What is expected — From the first line to the last, output the data exactly as it stands, minus its pictures.
START Data
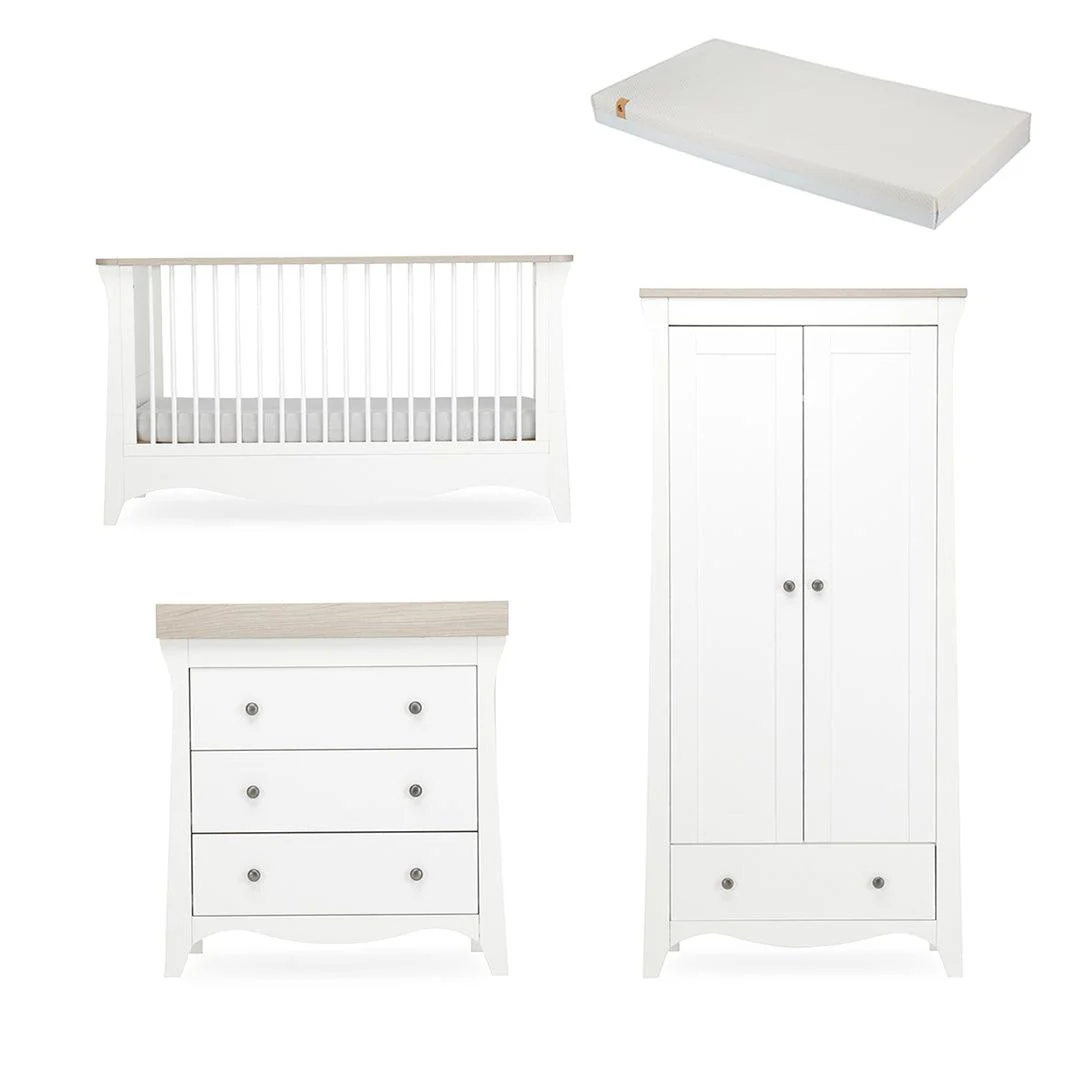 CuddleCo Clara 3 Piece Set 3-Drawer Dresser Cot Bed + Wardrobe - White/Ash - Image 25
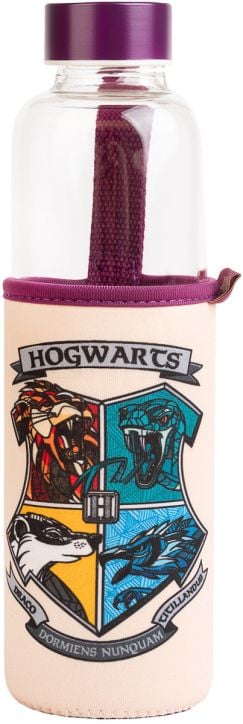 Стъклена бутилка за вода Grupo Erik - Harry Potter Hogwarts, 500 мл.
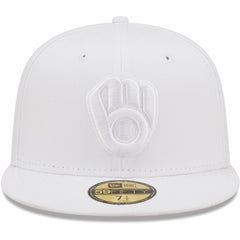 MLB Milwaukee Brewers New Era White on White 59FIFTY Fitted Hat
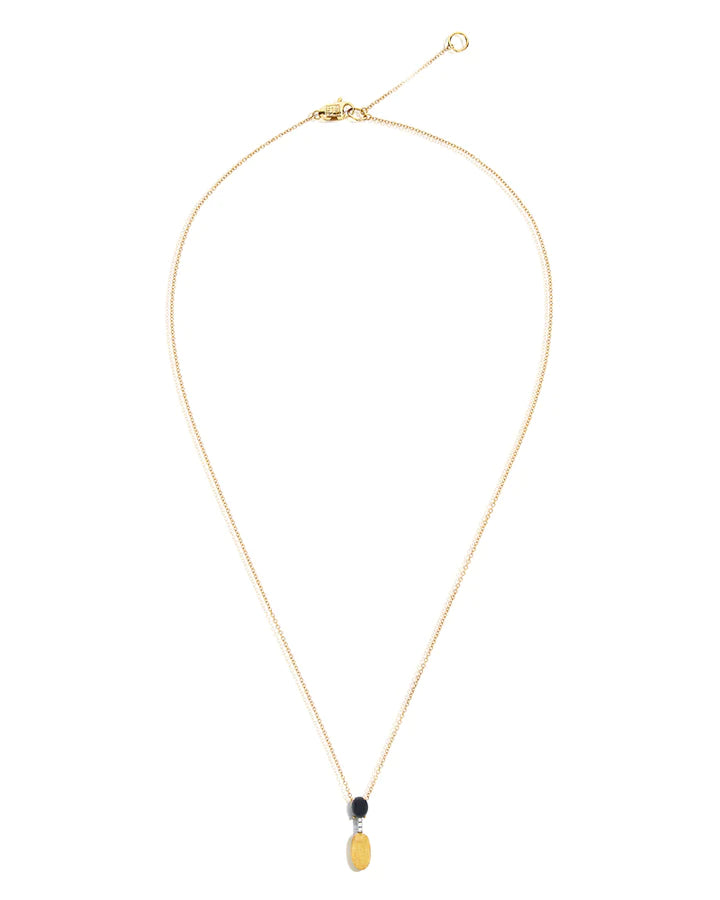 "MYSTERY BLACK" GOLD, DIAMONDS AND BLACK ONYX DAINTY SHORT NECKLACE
END Data
Answer to the problem —
 CuddleCo Clara 3 Piece Set 3-Drawer Dresser Cot Bed + Wardrobe - White/Ash - Image 25
 Стъклена бутилка за вода Grupo Erik - Harry Potter Hogwarts, 500 мл.
 MLB Milwaukee Brewers New Era White on White 59FIFTY Fitted Hat
 "MYSTERY BLACK" GOLD, DIAMONDS AND BLACK ONYX DAINTY SHORT NECKLACE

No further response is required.